Image-caption web data
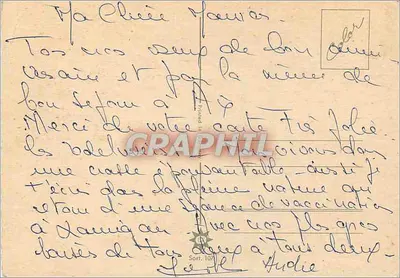 Duas anémonas rosas — Aniversário — Feliz Aniversário (texto impresso) — Sorti 107 — Verso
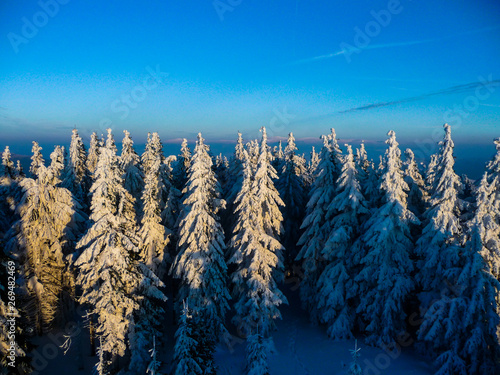 Nice view of snowy forest 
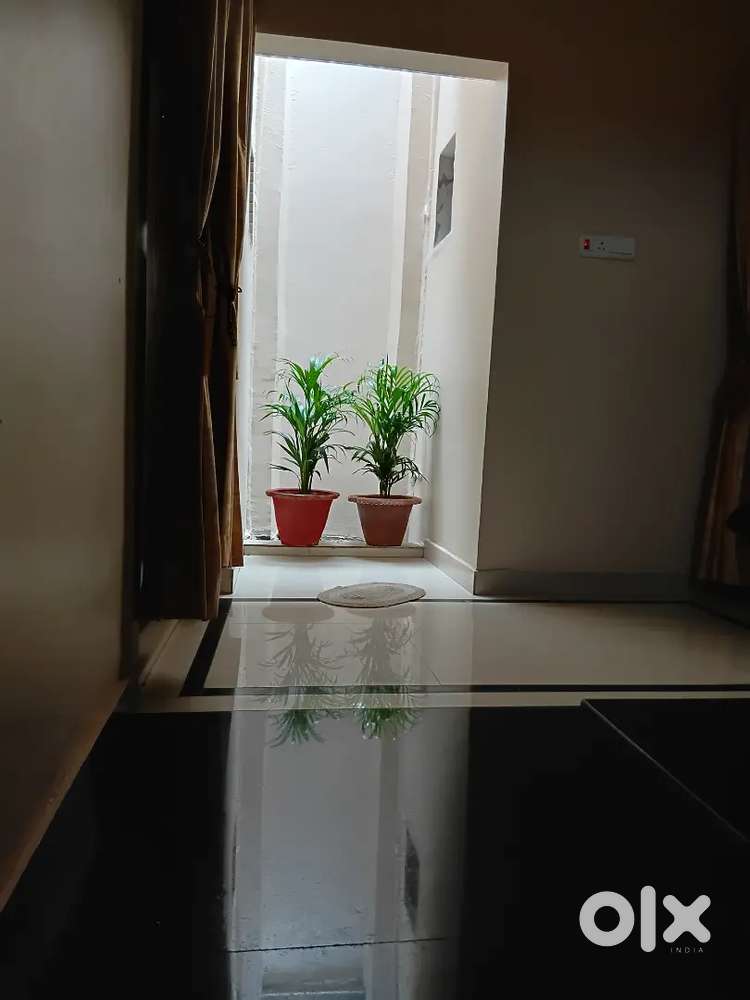 [Rps more  , NehruPath Baileyroad Lane no-2 Vasant Vihar colony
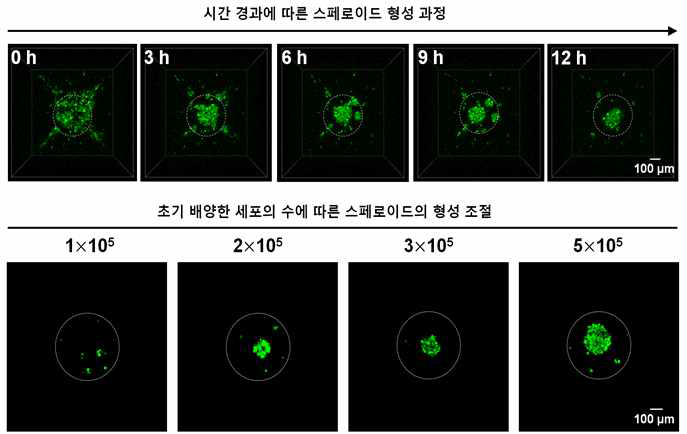 시간 경과에 따른 스페로이드 형성과정 및 세포의 수에 따른 스페로이드 형성 조절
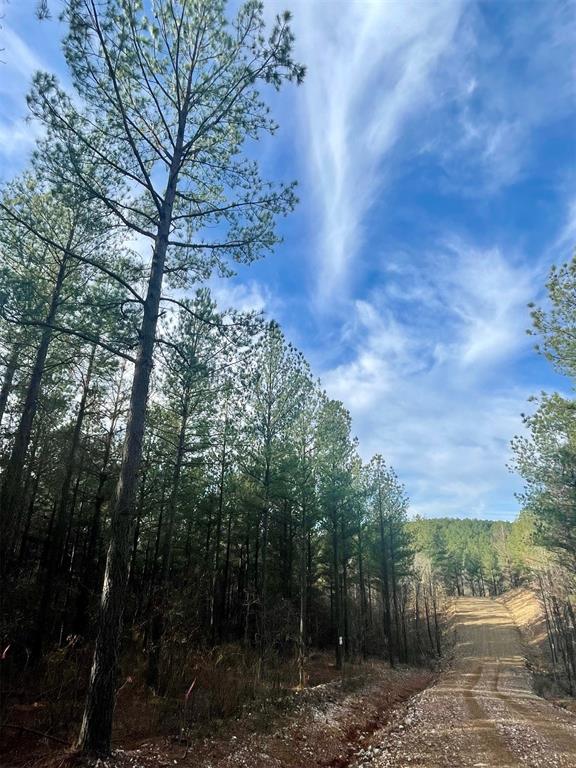710 Timber Creek Trails South XI Property Photo 1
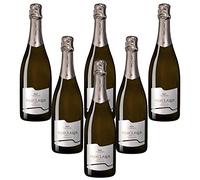 Praeclarus Spumante Brut Blanc De Blancs Alto Adige Doc Kellerei St.Paul (6 bottiglie 75 cl)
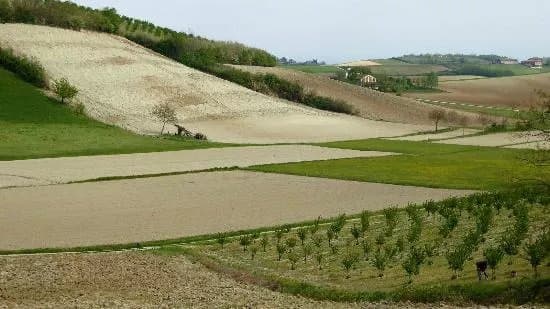 Strada Panoramica Tra Cuccaro Monferrato e Lu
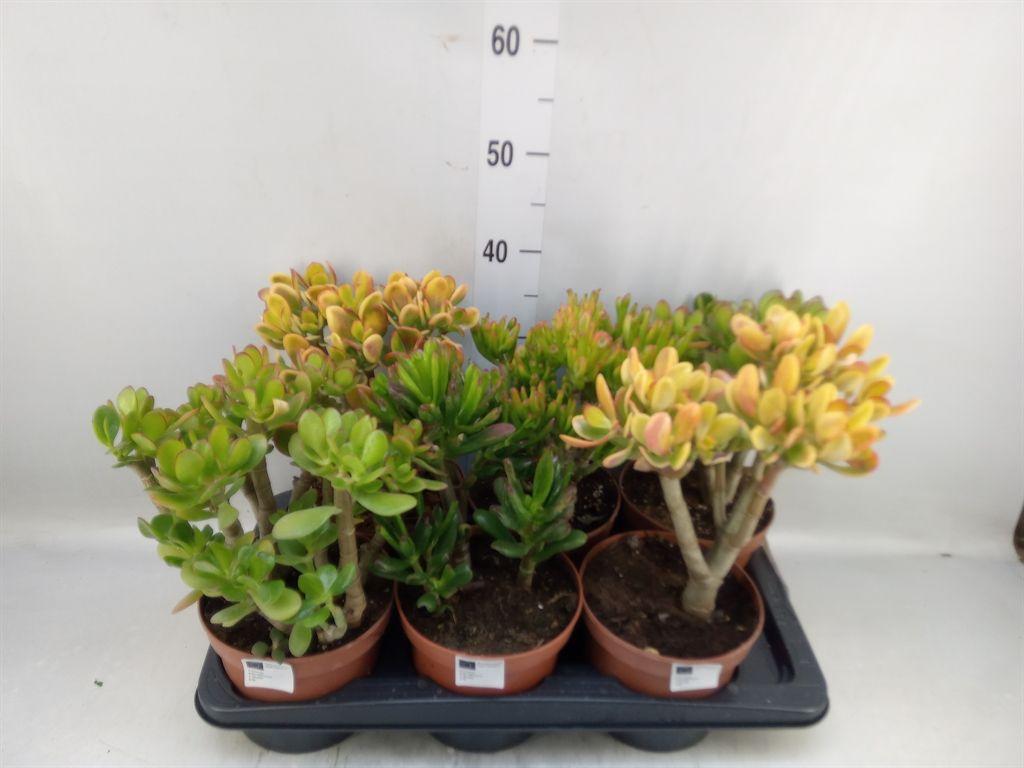 Горшечные цветы и растения оптом Crassula   ...mix от 6шт из Голландии с доставкой по России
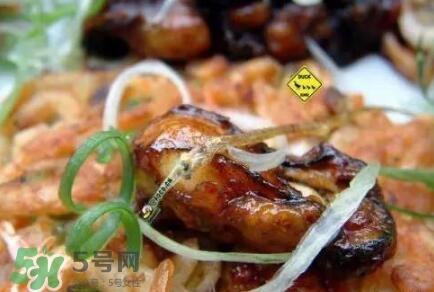 丹麥生蠔能吃嗎？生蠔的吃法大全集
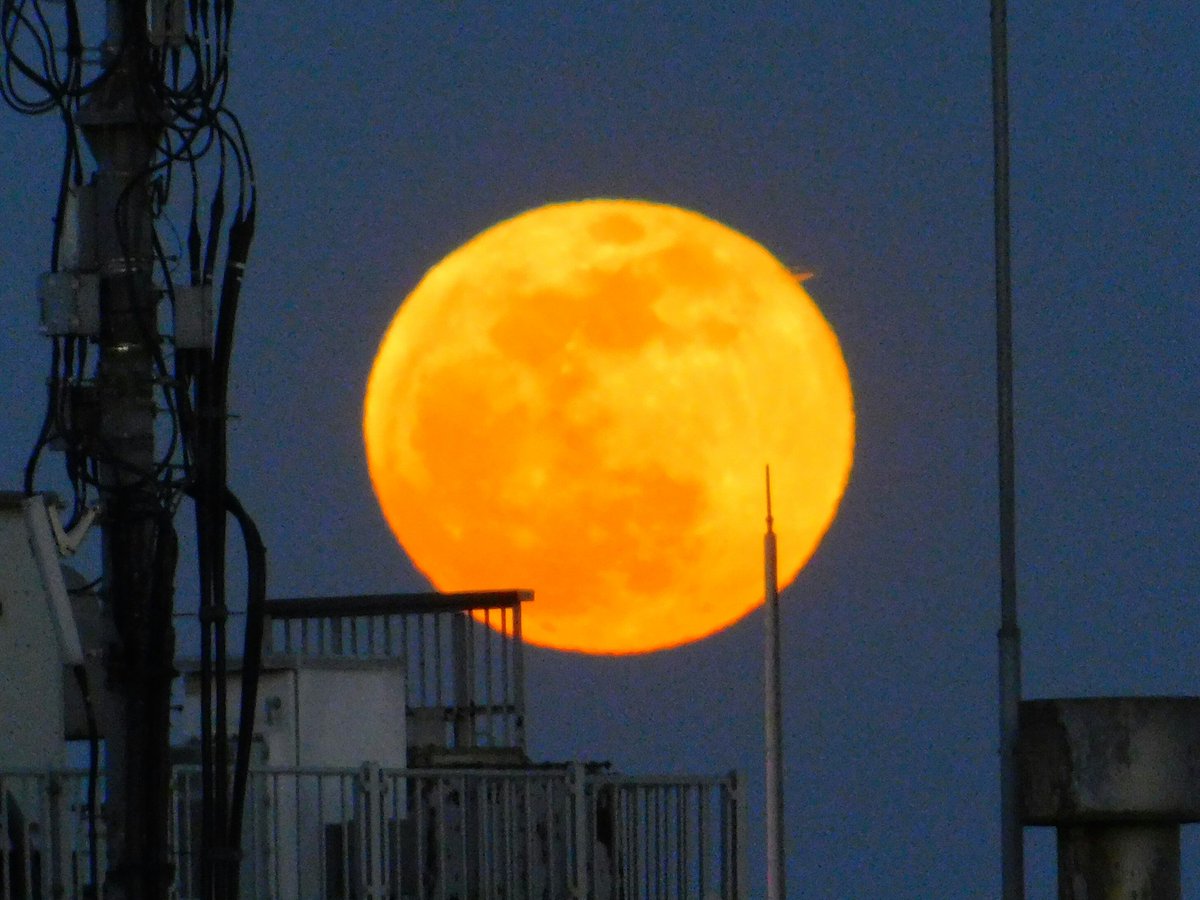 すごく大きいです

# ACTION ITEM
The entries above, without their pictures, should be written out exactly.

# TASK RESULT
 Duas anémonas rosas — Aniversário — Feliz Aniversário (texto impresso) — Sorti 107 — Verso
 Nice view of snowy forest 
 [Rps more  , NehruPath Baileyroad Lane no-2 Vasant Vihar colony
 시간 경과에 따른 스페로이드 형성과정 및 세포의 수에 따른 스페로이드 형성 조절
710 Timber Creek Trails South XI Property Photo 1
 Praeclarus Spumante Brut Blanc De Blancs Alto Adige Doc Kellerei St.Paul (6 bottiglie 75 cl)
 Strada Panoramica Tra Cuccaro Monferrato e Lu
 Горшечные цветы и растения оптом Crassula   ...mix от 6шт из Голландии с доставкой по России
 丹麥生蠔能吃嗎？生蠔的吃法大全集
 すごく大きいです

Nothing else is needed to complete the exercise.